• _Assigned task_: Reproduce the material below only from the line with "louis vuitton borsa" to the line with "Hyundai Bayon 1.0", both included, keeping each line exact and dropping the pictures.

• _Dataset records_:
━━━━━━

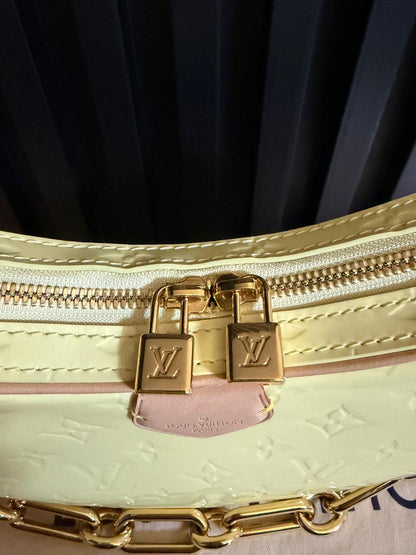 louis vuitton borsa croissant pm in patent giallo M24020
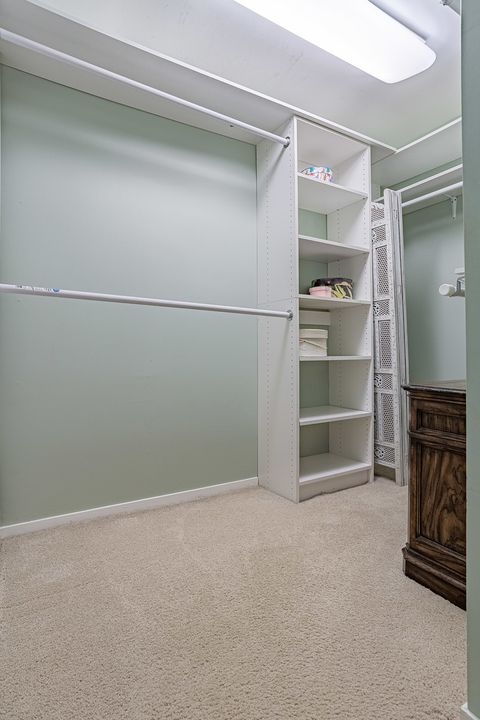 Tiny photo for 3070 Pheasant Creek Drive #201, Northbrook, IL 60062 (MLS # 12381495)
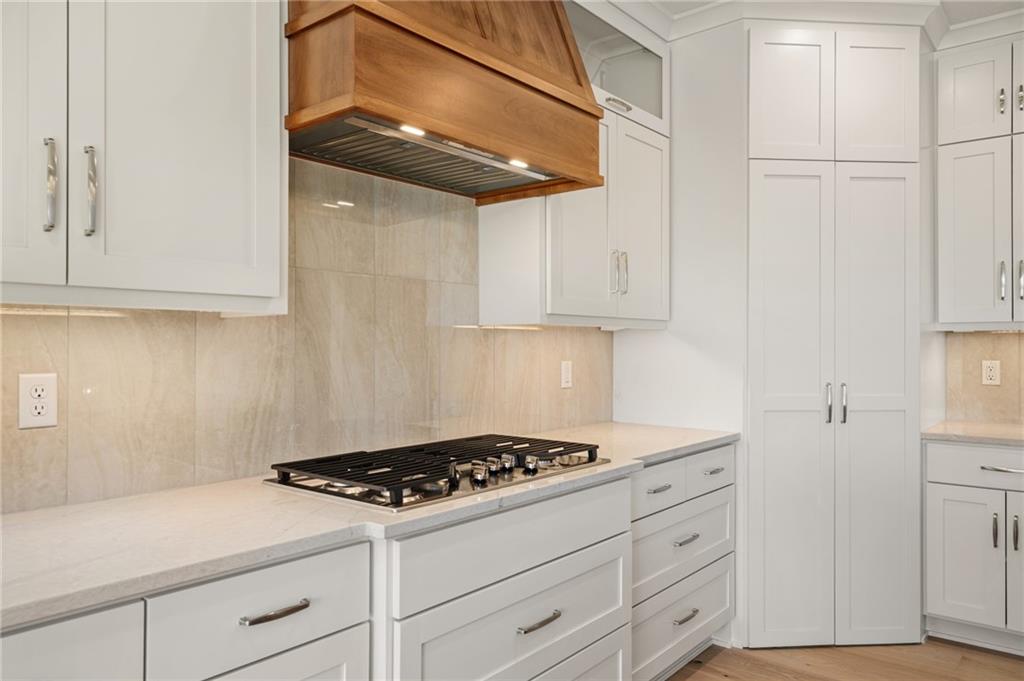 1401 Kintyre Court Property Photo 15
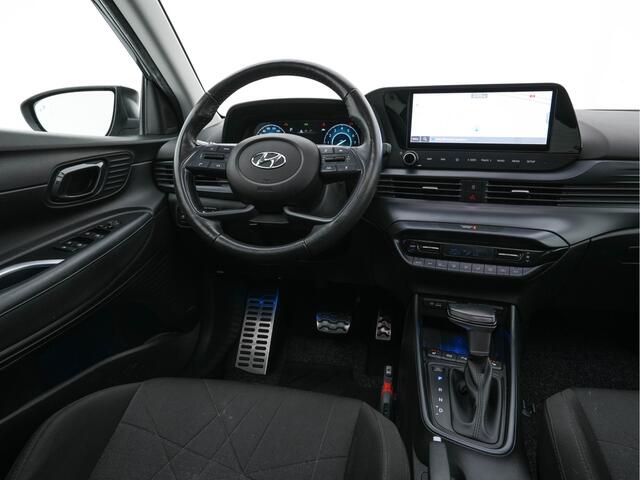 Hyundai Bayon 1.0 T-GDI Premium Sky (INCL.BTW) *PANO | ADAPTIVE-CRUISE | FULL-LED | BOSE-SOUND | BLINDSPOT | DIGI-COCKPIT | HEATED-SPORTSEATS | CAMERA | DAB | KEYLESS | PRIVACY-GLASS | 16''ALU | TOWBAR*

━━━━━━

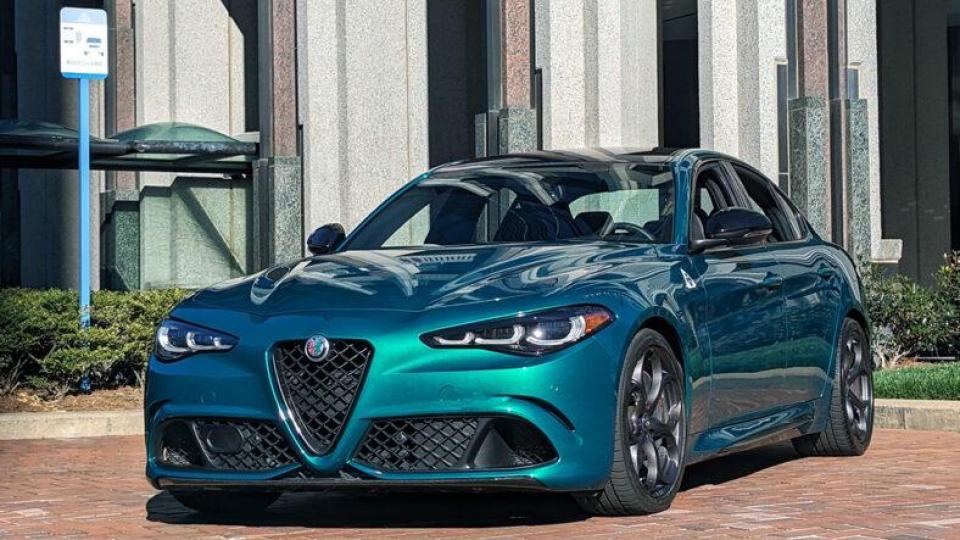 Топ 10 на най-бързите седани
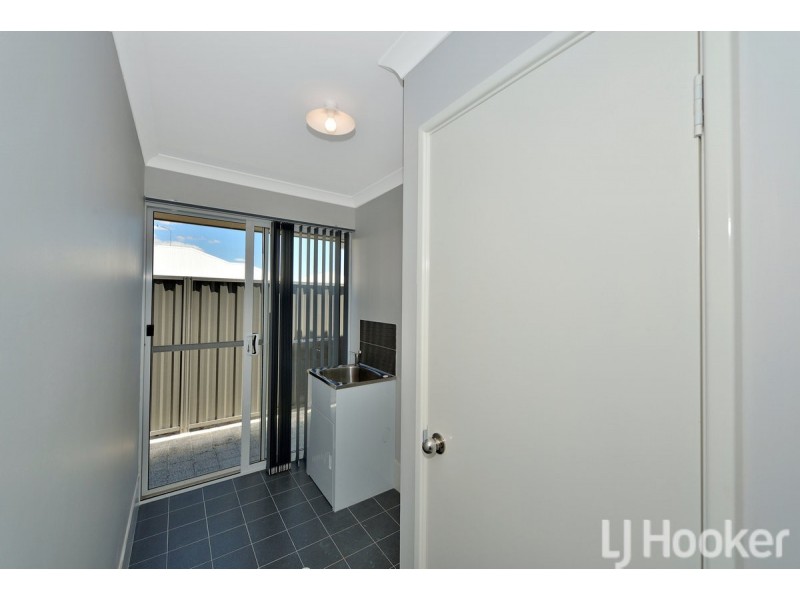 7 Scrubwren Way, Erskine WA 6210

━━━━━━

• _Written response_:
 louis vuitton borsa croissant pm in patent giallo M24020
 Tiny photo for 3070 Pheasant Creek Drive #201, Northbrook, IL 60062 (MLS # 12381495)
 1401 Kintyre Court Property Photo 15
 Hyundai Bayon 1.0 T-GDI Premium Sky (INCL.BTW) *PANO | ADAPTIVE-CRUISE | FULL-LED | BOSE-SOUND | BLINDSPOT | DIGI-COCKPIT | HEATED-SPORTSEATS | CAMERA | DAB | KEYLESS | PRIVACY-GLASS | 16''ALU | TOWBAR*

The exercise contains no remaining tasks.